Nem ouso levantar a minha com medo de que alguma delas me bique. Permanecem uns
20 minutos nos seguindo, as danadas enquanto trinam freneticamente!! Nonato chama minha atenção pra 2 pontos
escuros ao longe: são Baixa Grande e Queimada dos Britos, povoados localizados
em oásis ou ilhas como os nativos
denominam esse verdor no meio do areal. Veículos automotores com turistas são
proibidos de transitar sobre as dunas, sendo, contudo, permitido seu tráfego ao
longo da praia onde os carros são deixados, partindo dali os turistas em
caminhada até os oásis.
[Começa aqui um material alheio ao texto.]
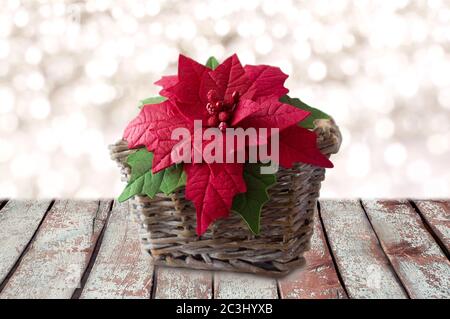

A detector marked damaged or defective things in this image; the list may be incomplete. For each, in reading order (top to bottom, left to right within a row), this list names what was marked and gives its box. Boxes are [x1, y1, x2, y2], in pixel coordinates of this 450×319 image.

peeling paint on wood [0, 200, 52, 284]
peeling paint on wood [0, 200, 111, 300]
peeling paint on wood [81, 202, 156, 300]
peeling paint on wood [154, 268, 212, 302]
peeling paint on wood [214, 272, 278, 300]
peeling paint on wood [278, 208, 348, 300]
peeling paint on wood [320, 200, 408, 300]
peeling paint on wood [362, 200, 450, 300]
peeling paint on wood [414, 201, 448, 256]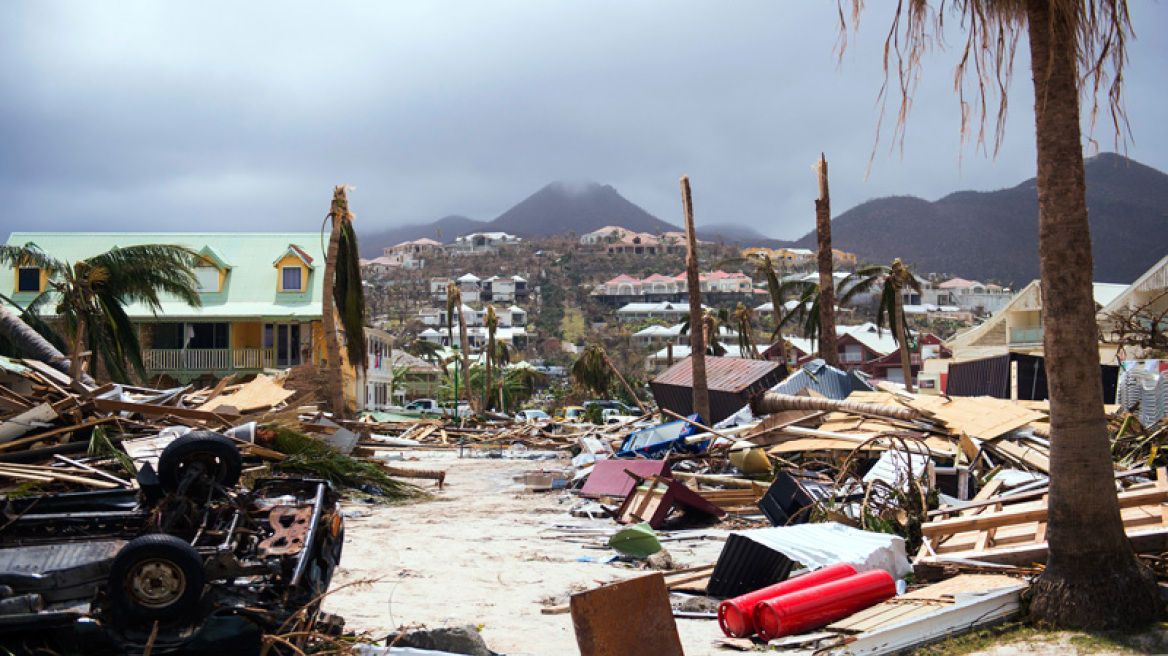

Nonato dá pra eu provar puçá, fruta de cor alaranjada,
pequena e gostosa cuja árvore é uma das que compõem a vegetação existente nos
oásis dos Lençois. Após 18 km de pernada, chegamos a Baixa Grande onde iremos nos
instalar por hoje. Aqui vivem 5 famílias que, a par da pescaria, tem no turismo
outra fonte de subsistência. A propriedade escolhida foi a de Dete e Moacir. A
maioria da filharada do casal mora ou em Santo Amaro ou em Barreirinhas
trabalhando ou estudando. Circundada por árvores e arbustos de murta e murici-mirim,
todas as casas são feitas com folhas e caules de buriti, exceto uma de
alvenaria, reservada pra ser a cozinha e o quarto do casal. A dos hóspedes é
espaçosa com várias redes penduradas lado a lado e toscas prateleiras pra acomodar
mochilas e outros equipos. Divido o recinto com dois grupos cujas integrantes
são todas cariocas. Num há 4 mulheres e noutro 2. Todas jovens, sem terem ainda
avançado nos quarenta. Descolada, a mulherada não é marinheira de primeira
viagem neste tipo de aventura. São rodadas as gurias. Convivem
no amplo pátio cachorros, porcos, galinhas e cabritos, sendo que o galo não
pára de cantar seja dia seja noite. Há 2 banheiros e 2 chuveiros ao ar livre. A
palhoça ao lado do refeitório tem uma mesa de sinuca mas não é isso que me
enternece e sim a existência do gerador, movido a diesel, que fornece
eletricidade a partir das 18 horas, permitindo, assim - aleluia! - que se
carreguem celulares e outros dispositivos eletrônicos. De almoço, tem robalo
fresquinho, pescado por Moacir cedinho na manhã. Mas se o turista quiser Dete
prepara galinha ensopada, morta na hora. Moacir e Dete vem a ser outro casal
que vive de falar mal um do outro. Ele se lamuria do casamento, se indigna
porque ela o faz trabalhar – hahahaha -, ela, por sua vez, se queixa de que ele
só pressionado faz as coisas. E assim eles vão levando a vida há mais de 30
anos, sempre juntos como joanete no osso do dedão do pé. Durmo após o almoço
pesadamente tão cansada estou. Aliás todo mundo arriou nas redes curtindo
aquela soneca. Lá pelas 4 da tarde, saímos pra ver o pôr do sol nas dunas. A
meio do caminho, tomo um refrescante banho numa das muitas lagoas existentes ao
redor do oásis. A água morna e um ventinho gostoso vindo do mar - se encontra tão-somente
a 15 km – fazem com que a lombeira da sesta se dissipe. Escalamos uma alta duna até seu topo donde podemos ver o pôr do sol, um escândalo de lindo. Agora 18 e 30 o bom
odor vindo da cozinha onde Dete prepara a janta aguça meu apetite. Vai ter
peixe novamente, eba! Após a janta, uma fogueira é acesa no pátio e somos, as
gurias turistas, convidadas pra nos sentar ao redor. O que posso desejar mais
da vida do que a fulgurante lua cheia no céu e, na terra, a tremeluzente fogueira?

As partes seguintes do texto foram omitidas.